*Exercise instructions*. Once the line with "Modern Tribal Almond" is found in the entries below, print it and each following line exactly, stopping after the line with "Arthouse Metallic Brick White/Silver"; print nothing else.

*Records for the exercise*.
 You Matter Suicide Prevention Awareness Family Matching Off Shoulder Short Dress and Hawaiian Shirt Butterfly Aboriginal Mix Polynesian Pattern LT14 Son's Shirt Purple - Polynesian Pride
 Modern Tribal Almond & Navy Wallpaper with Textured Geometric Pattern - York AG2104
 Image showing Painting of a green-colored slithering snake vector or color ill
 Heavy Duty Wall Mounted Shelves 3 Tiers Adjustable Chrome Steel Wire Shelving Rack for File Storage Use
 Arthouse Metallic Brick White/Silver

--

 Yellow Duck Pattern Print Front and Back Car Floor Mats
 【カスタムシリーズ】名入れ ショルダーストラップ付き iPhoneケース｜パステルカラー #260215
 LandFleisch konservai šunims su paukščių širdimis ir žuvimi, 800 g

...

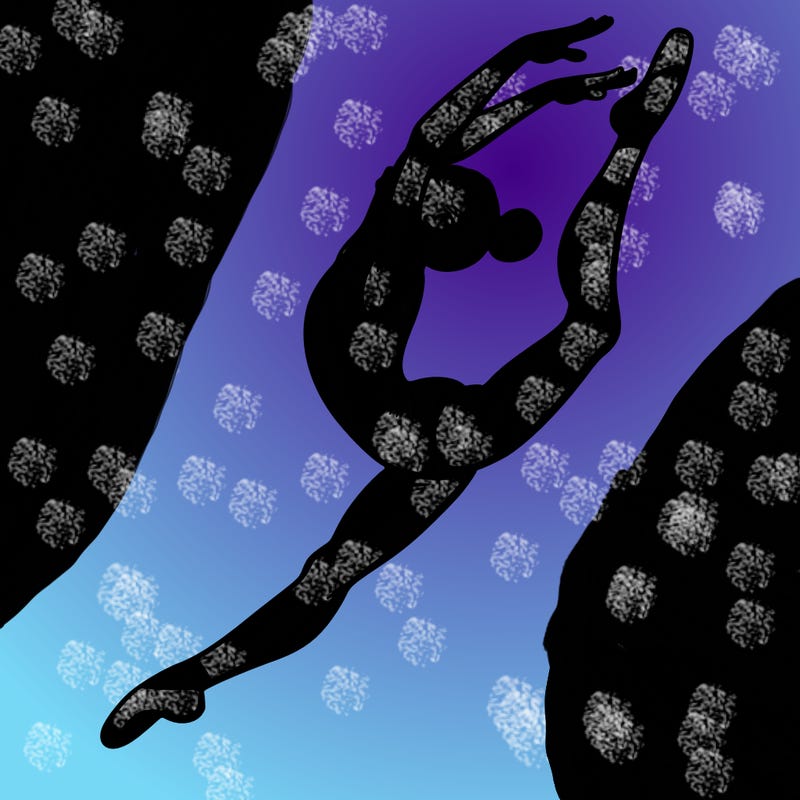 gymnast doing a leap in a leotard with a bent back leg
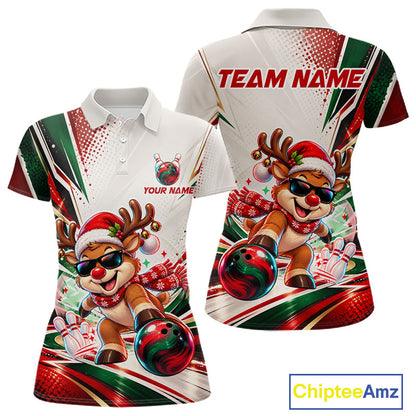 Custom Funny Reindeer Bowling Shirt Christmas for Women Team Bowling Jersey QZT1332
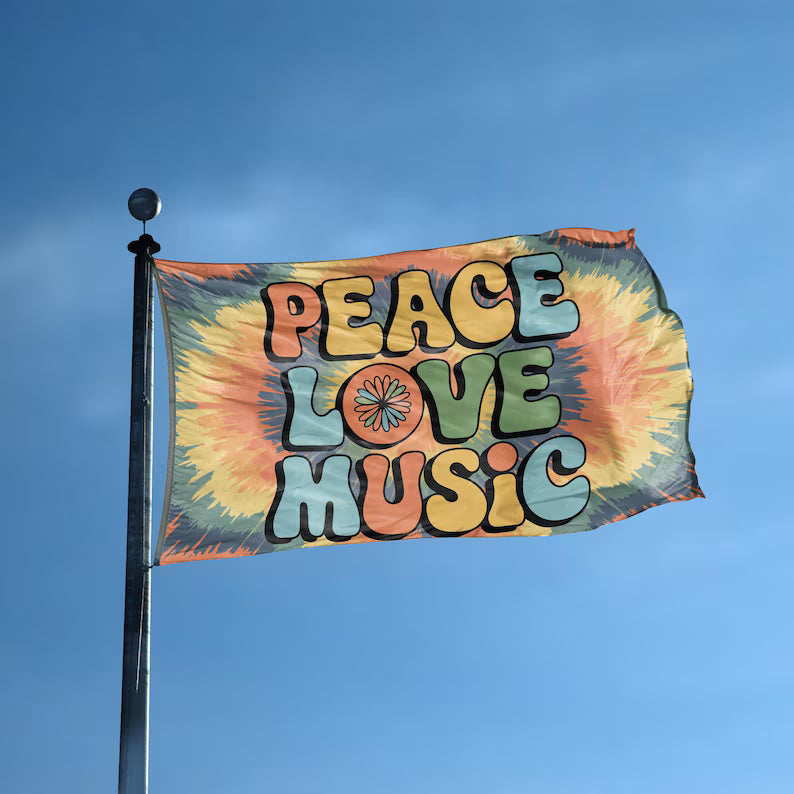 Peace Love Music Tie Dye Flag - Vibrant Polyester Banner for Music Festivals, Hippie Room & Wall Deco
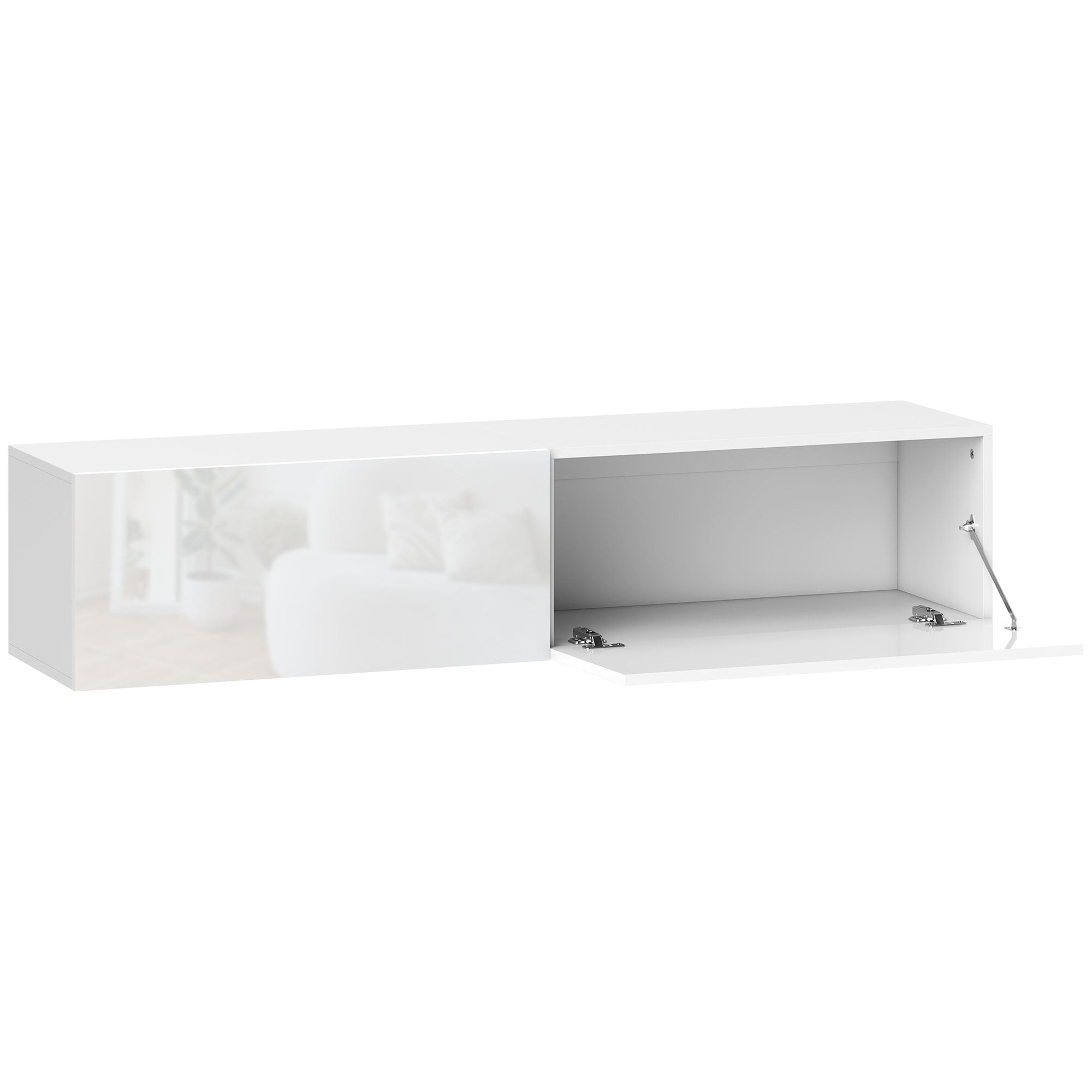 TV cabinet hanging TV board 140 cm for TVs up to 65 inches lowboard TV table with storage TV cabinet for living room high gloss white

*Expected answer*.
 Modern Tribal Almond & Navy Wallpaper with Textured Geometric Pattern - York AG2104
 Image showing Painting of a green-colored slithering snake vector or color ill
 Heavy Duty Wall Mounted Shelves 3 Tiers Adjustable Chrome Steel Wire Shelving Rack for File Storage Use
 Arthouse Metallic Brick White/Silver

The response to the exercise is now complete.